Indeed, the legacy of Tanzania’s first president, Mwalimu Julius Kambarage Nyerere, has been reincarnated in Chadema, a political party that has just concluded its elections. Tundu Lissu’s political heights have soared as he becomes a beacon for change, challenging the long-standing dominance of CCM in Tanzanian politics.
Nyerere will always be remembered for his unparalleled wisdom and powerful insights. Two of his legacy videos have gained traction on most social media platforms, intoning the need for all political parties to respect the electorate’s will and fulfill their aspirations. This article looks ahead to the forthcoming elections and examines how Nyerere’s legacy will influence the contest between CCM and Chadema, determining who will triumph in the October general elections.
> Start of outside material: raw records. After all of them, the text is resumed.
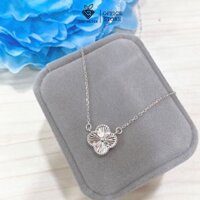 Dây Chuyền Bạc 925, Dây Chuyền Bạc Liền Mặt Hoa 4 Cánh Cắt Máy - Trang Sức Cao Cấp DÂU SILVE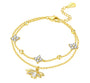 The Gold Luxury Queen Bee Luna Flower Bracelet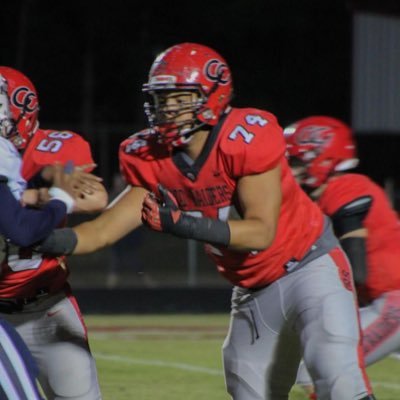 HS football player 18 6’5 275 senior tackle and guard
Nyerere words were as follows: during the CCM elections of 1995, this what he had bequeathed Tanzania
“…..watanzania wanataka mabadiliko, wasipoyaona na wasipoyapata ndani ya CCM watayatafuta nje ya CCM……”
Somewhere else, Nyerere, while still in the Dar-es-Salaam State House before a corps of reporters counselled this:
“…….huu ni ushauri kwa vyama vote vya siasa…..sikilizeni maoni ya wananchi. Chama ambacho hakitasikiliza maoni ya wananchi wakati wa uchaguzi kitatafuta mtu wa kukipangusa machozi na hakitamwona…”
What Nyerere said was that political parties must listen to the electorate, and the electorate seeks meaningful reforms, and if they cannot get them from CCM, they will seek them outside CCM.
CCM has always rendered lip service despite bragging: “…CCM ni chama sikivu….”
But are they? Voters have demanded a new social contract for a long time, but CCM has procrastinated. They have either unleashed a false start to constitutional reforms to scuttle it under the guise it is not a national consensus or CCM priorities are infrastructural distractions!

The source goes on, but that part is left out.